Nasheed was sufficiently peeved by the “semi-criminal” behavior of the police in the days after Ferguson that she staged her very own protest in the middle of the street and got herself arrested. She was carrying a loaded weapon at the time and was believed to be drunk.

Fanning the flames in Ferguson

That was then. This is now. On Tuesday, Nasheed sent a letter to Gov. Mike Parson demanding a greater law enforcement presence to deal with the “unyielding and deadly public health threat” of crime in greater St. Louis. In fact, she wants a “state of emergency” declared for the area, and the problem is not the KKK.

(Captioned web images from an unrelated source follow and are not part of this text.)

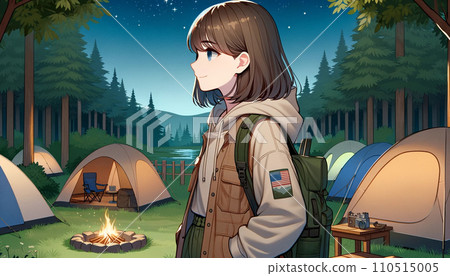 woman lighting a bonfire at camp woman lighting a bonfire at camp 110515005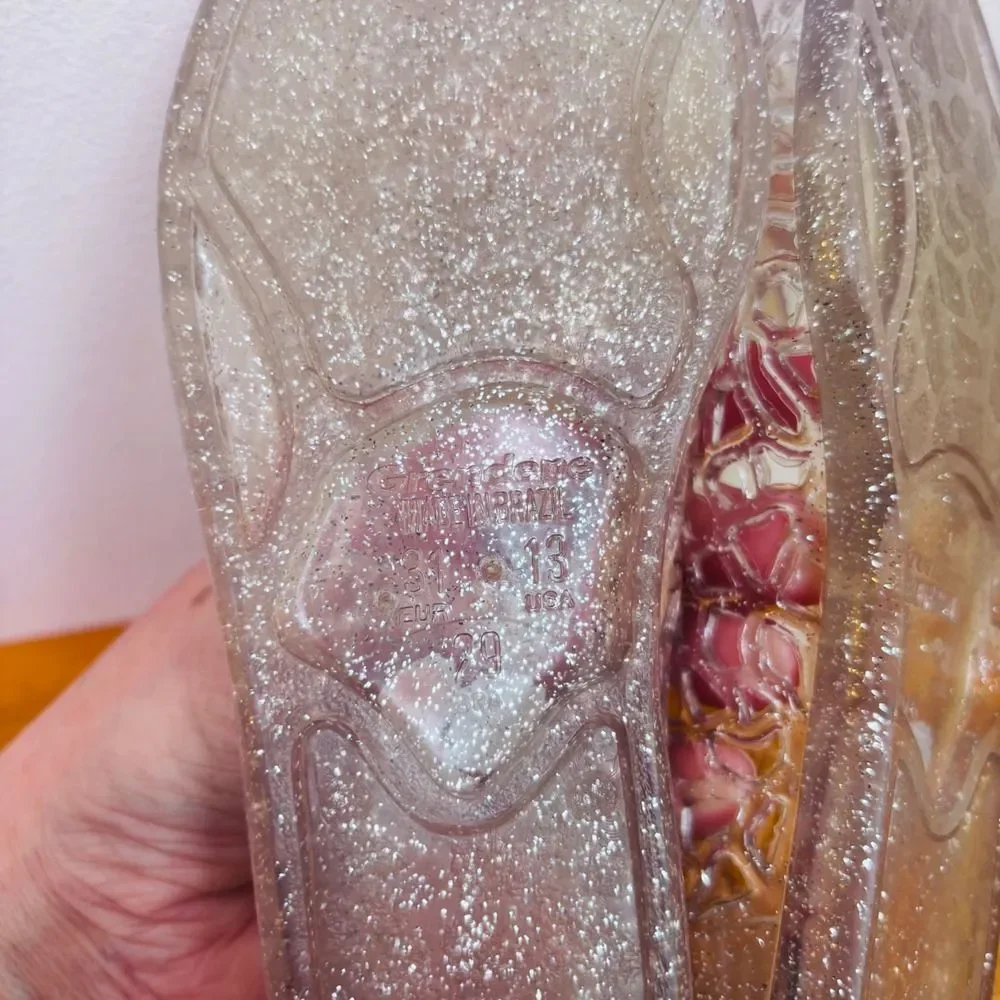 VTG Y2K Grendene Jelly Flats Sparkle‎ Flower Accent Shoes Girls Sz 13 Brazil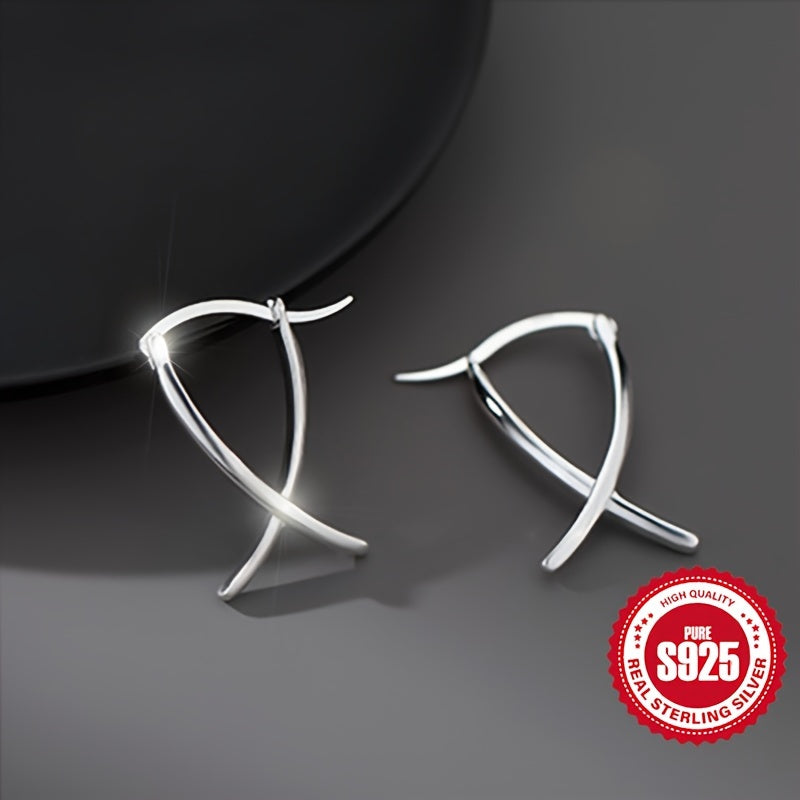 S925 Sterling Silver Cross-line Earrings, Elegant Design Perfect for Daily Wear or Gifting, Hypoallergenic Lightweight 2.59g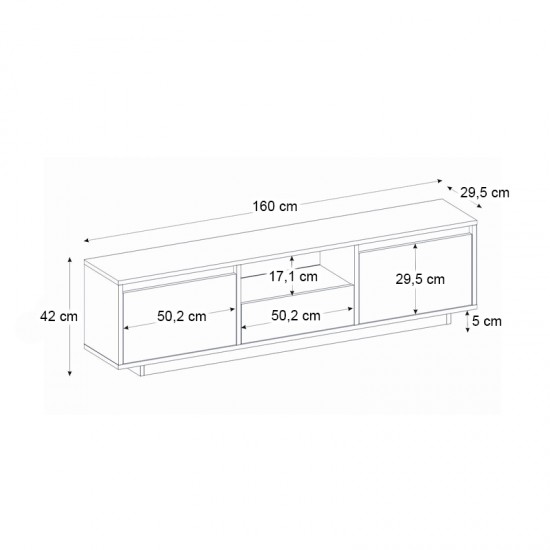 Έπιπλο τηλεόρασης Lumbera Megapap χρώμα travertine 160x29,5x42εκ.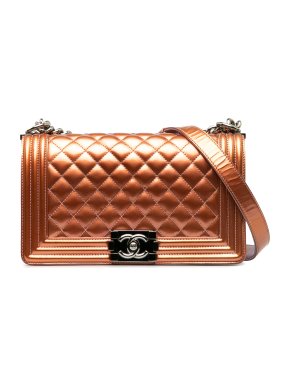 Chanel Patent Leather Metallic Bicolour Medium  Boy Bag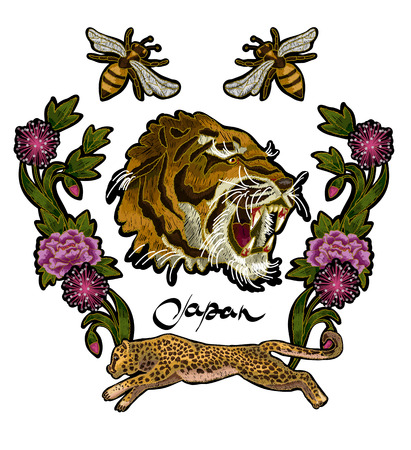 Tiger, bee and peony flowers embroidery patchesのイラスト素材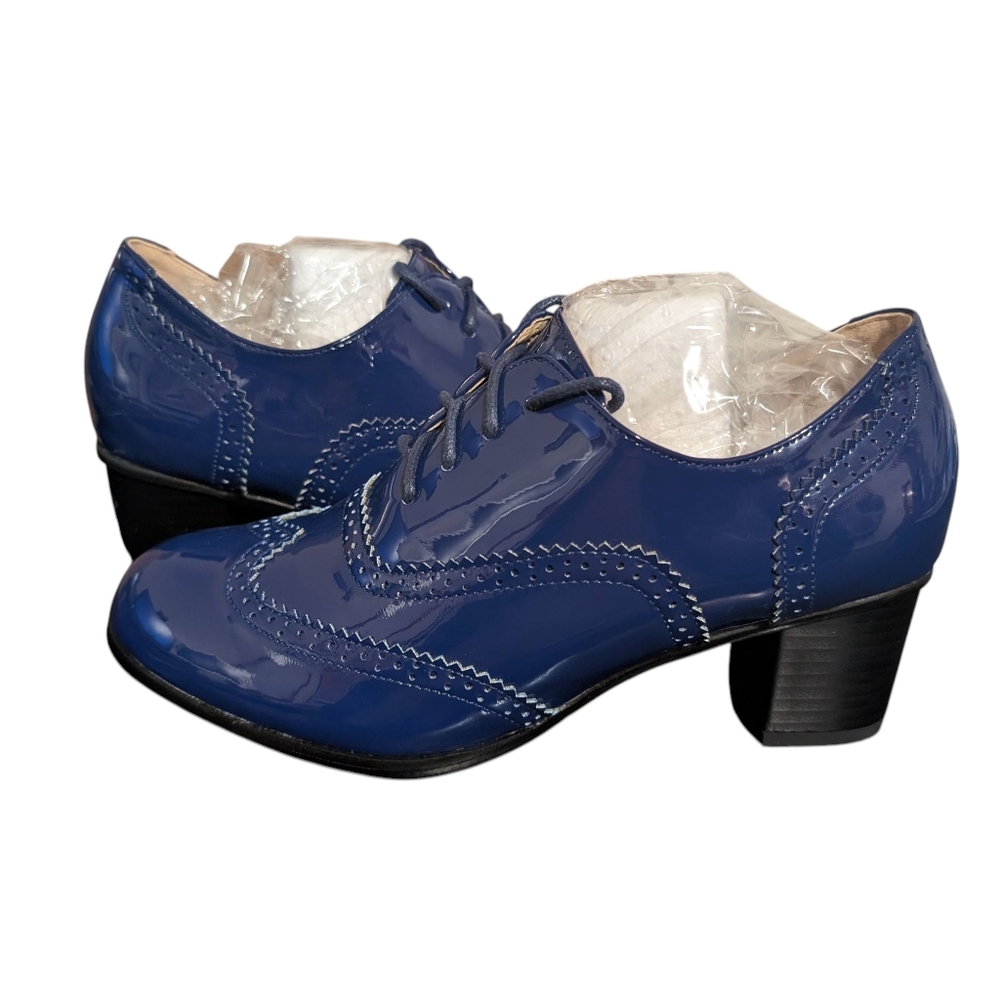 Blue Patent Leather Heeled Oxford Shoes
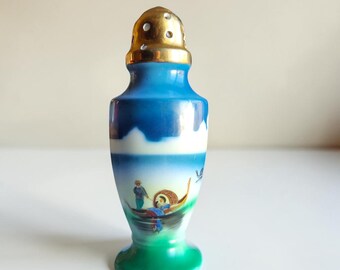 Oversized Noritake Salt Shaker - Hand-Painted Japanese - Blue & Gold Morimura Bros - Art Deco Era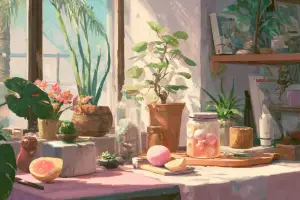 日差しが差し込む部屋に並ぶ観葉植物と果物、癒しの雑貨が置かれたやさしい日常風景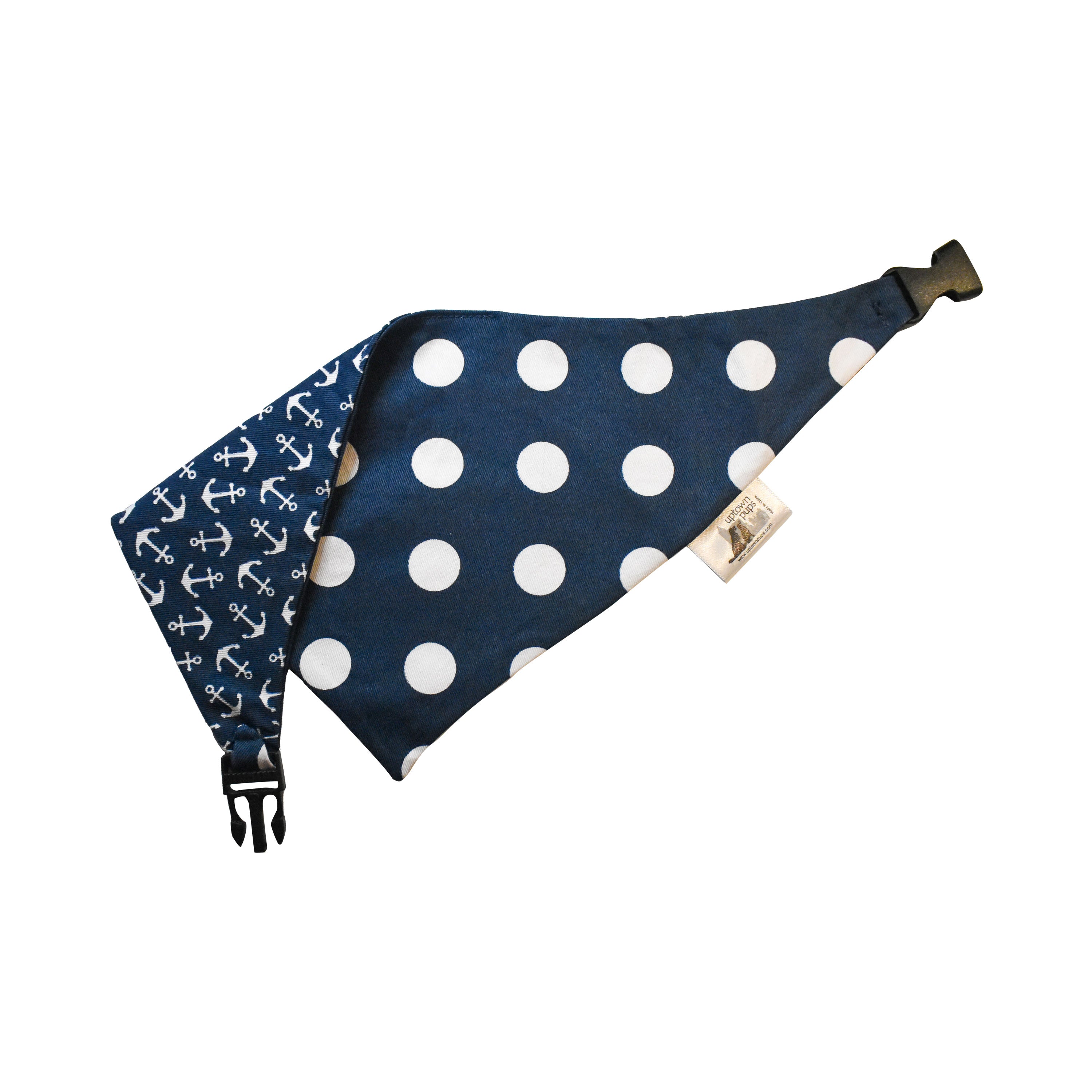 Navy Anchors Reversible Dog Bandana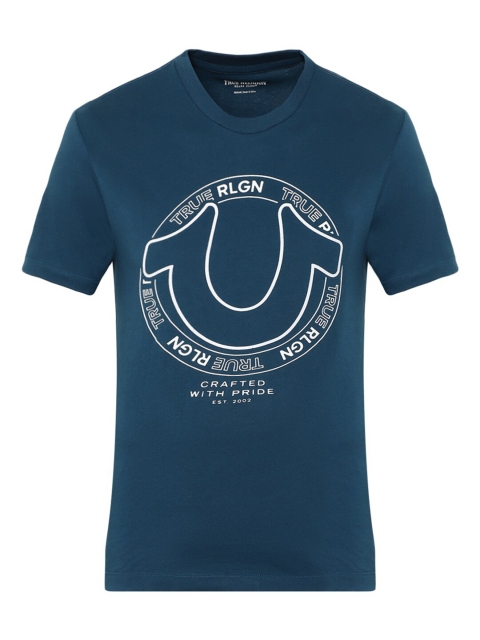 

True Religion Men Blue Typography Printed T-shirt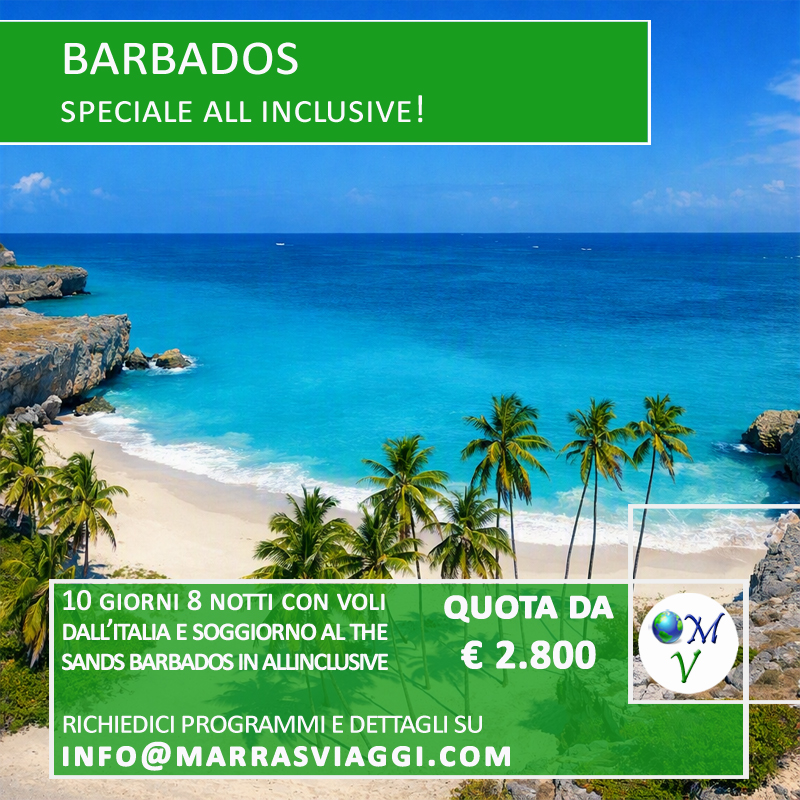 MARRASVIAGGI's tweet photo. Barbados - Speciale All inclusive!
10 giorni 8 notti con voli dall'Italia. Partenze tutto l'anno e soggiorno 8 notti al The Sands Barbados in trattamento di All Inclusive - Quote da 2.800 €
#barbados #allinclusive #caribi #oltremareviaggi #caleidoscopio #marrasviaggi https://t.co/edONqljB6R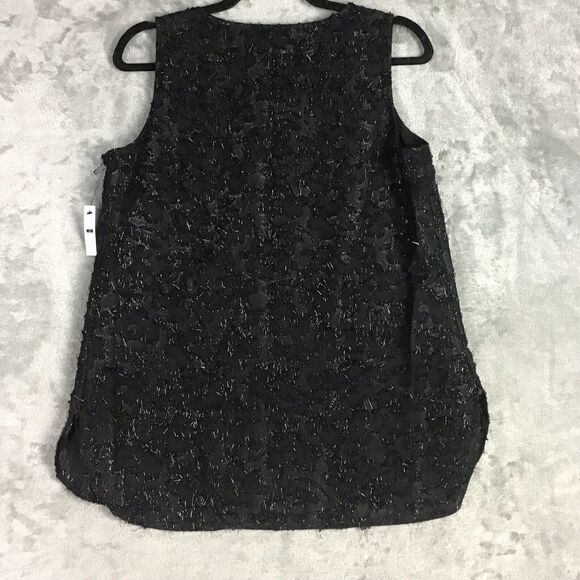 Halogen Women’s Small Black Eyelash Textured Sleeveless Blouse Top - Picture 14 of 15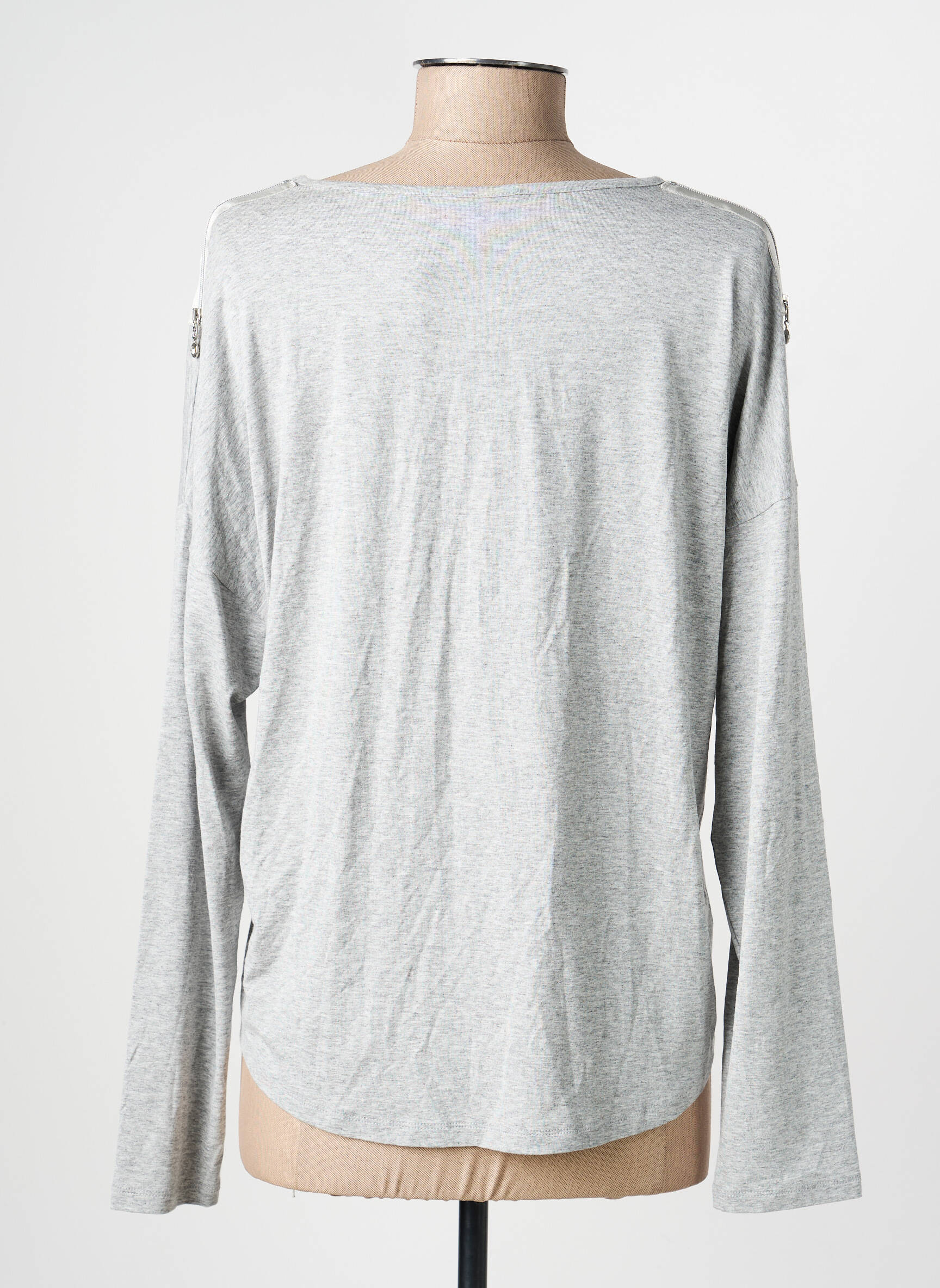 Top stretch manches longues gris THOMAS RABE femme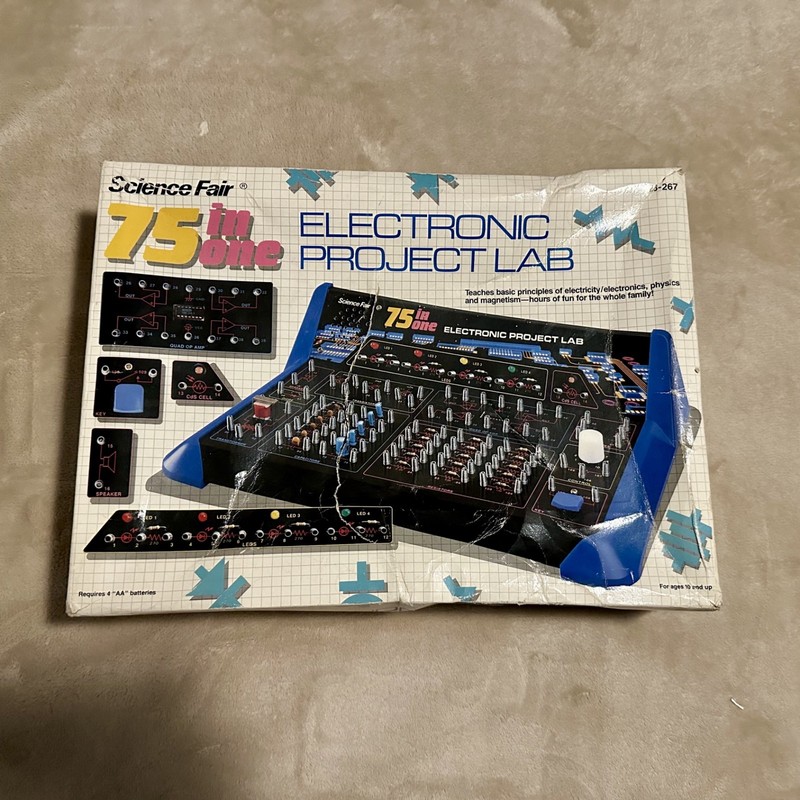 Vintage Science Fair 75 in 1 Electronic Project Lab Radio Shack AS-IS Parts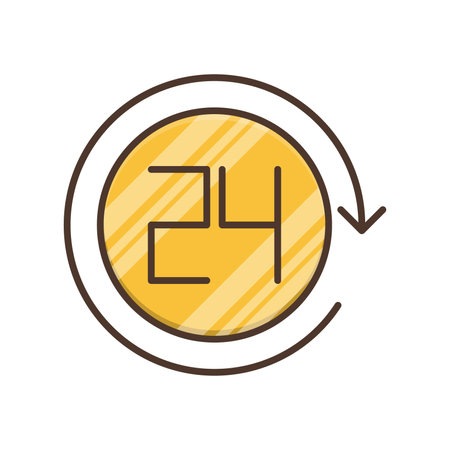 24 hours service icon, 24 hours support, 24 hours service iconの写真素材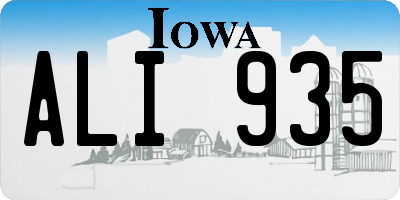 IA license plate ALI935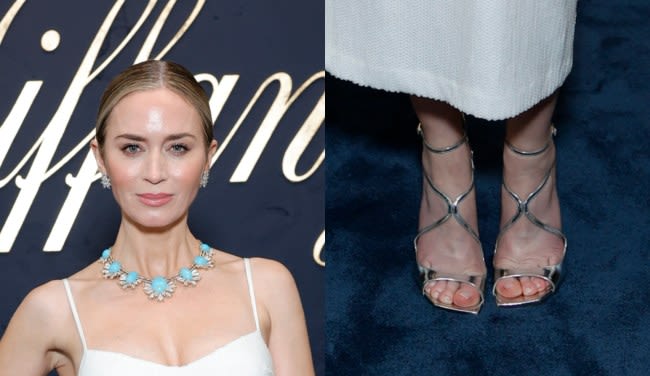 Emily Blunt Gleams in Metallic Jimmy Choo Sandals at Tiffany & Co.’s Blue Book 2024 Celebration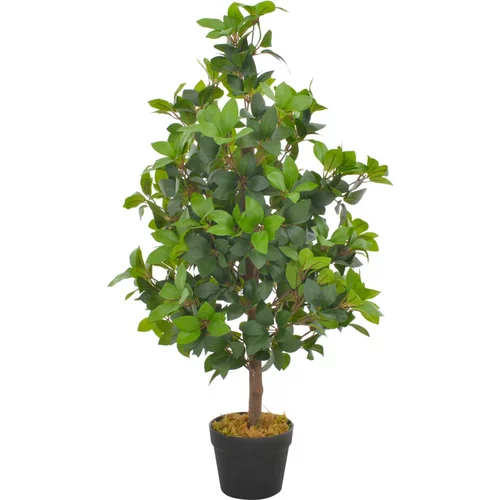 vidaXL Umjetno stablo lovora s posudom zeleno 90 cm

The murder of a cab driver and the shooting death of another man outside of a pizzeria earlier in the week prompted Nasheed’s demand. “To date, there have been 79 homicides in the St. Louis area in 2018. By the time you receive this letter, that number will almost certainly have gone up,” Nasheed wrote to Parson.

In fact, the 79 murders were in St. Louis proper, but it is understandable how Nasheed could lose count. St. Louis has, in fact, become the deadliest city in the country. Nasheed, however, does not begin to understand the role she and her fellow demagogues played in causing the “deadly public health threat” about which she now complains.

From 2006 to 2014, homicides nationwide declined steadily save for a minor blip in 2012.  This trend resulted in 3,000 fewer murders in 2014 than in 2006. In August 2014, Ferguson blew up. In the front ranks of the furor were Nasheed and activists like her.

The police, not keen on being compared to the KKK and worse, pulled back to protect themselves from physical harm and legal jeopardy, and the thugs moved in to fill the void left behind.

After August 2014, the downward murder trend abruptly reversed itself. In 2015, murders rose at their fastest pace in a quarter-century. In 2016, America experienced 17,250 murders, 3,086 more than in 2014. In sum, from 2014 to 2016, homicides increased 21 percent.

Not surprisingly, the so-called “Ferguson effect” has had its most dramatic impact on Missouri. In 2013, there were 120 murders in St. Louis.  In 2015, post-Ferguson, there were 188. In 2017, there were 205, a 71-percent increase from 2013.  Kansas City went from 76 homicides in 2014 to 149 in 2017, a 96-percent increase.

In 2017, St. Louis had the highest homicide rate in the country. In second place was Baltimore whose numbers spiked after a comparable anti-police jihad following the death of Freddie Grey. In 2017, Kansas City had the sixth highest homicide rate in the country.

Upstaged not too long ago by fellow St. Louis Senator Maria Chapelle-Nadal, who famously called for the assassination of the president, Sen. Jamilah Nasheed apparently wants the spotlight back.